++++ Data records
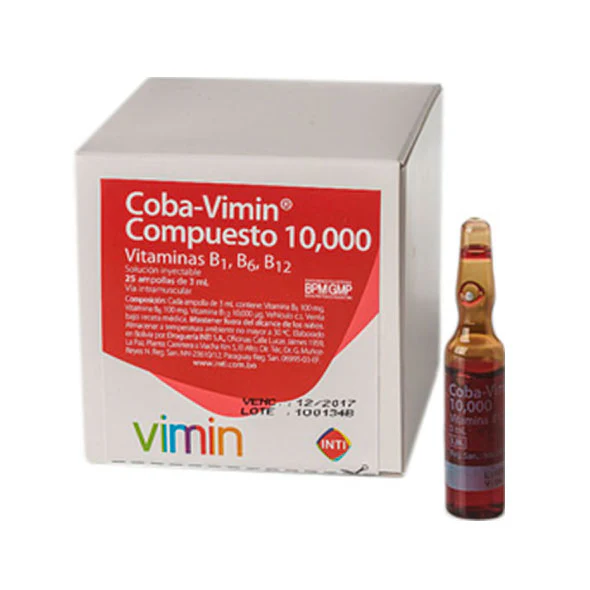 Imagen del producto 1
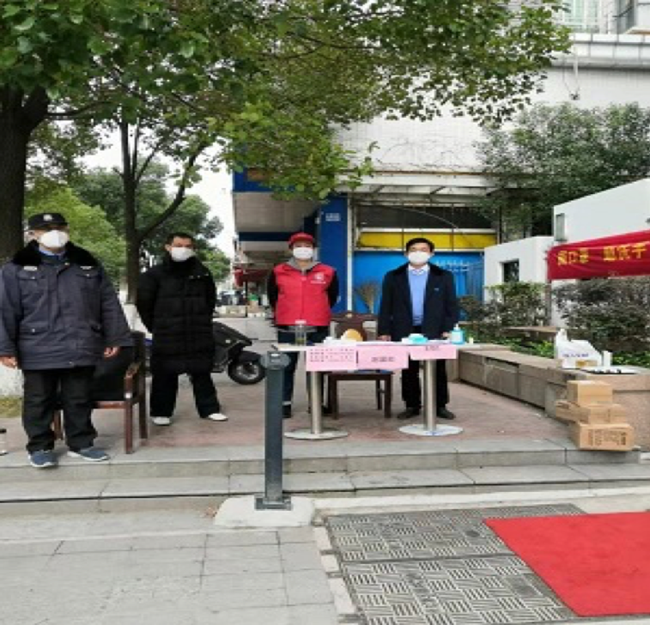 九游会老哥必备的交流社区_J9俱乐部论坛首页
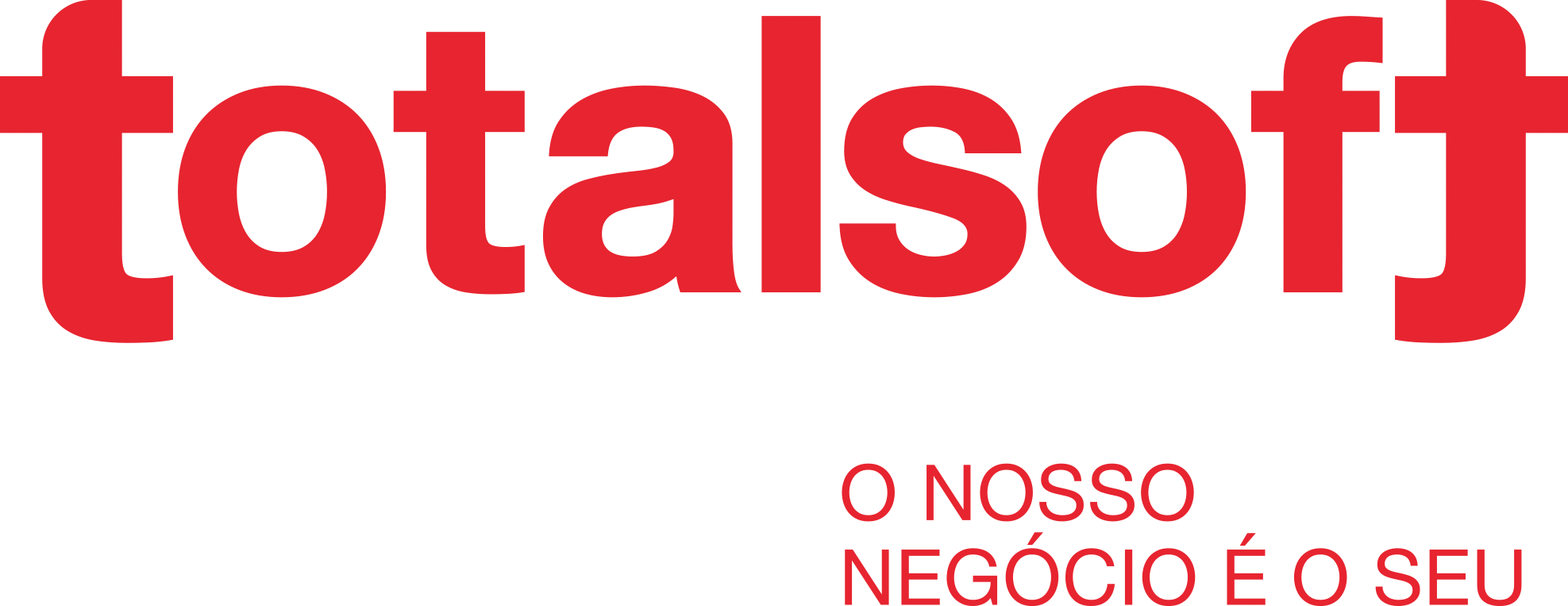 Totalsoft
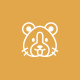 SlowBlackGorilla78375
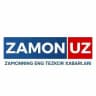ZAMON.UZ | РАСМИЙ КАНАЛ
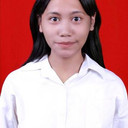 Jenny Frisqia Nindira Selan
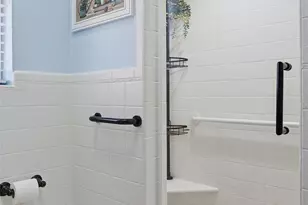 1709 McLennan Crossing Rd, Woodway, TX 76712 - Photo 14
++++++++
= Task to carry out =
Give back all the data exactly, minus pictures.

= Result below =
 Imagen del producto 1
 九游会老哥必备的交流社区_J9俱乐部论坛首页
 Totalsoft
 SlowBlackGorilla78375
ZAMON.UZ | РАСМИЙ КАНАЛ
 Jenny Frisqia Nindira Selan
 1709 McLennan Crossing Rd, Woodway, TX 76712 - Photo 14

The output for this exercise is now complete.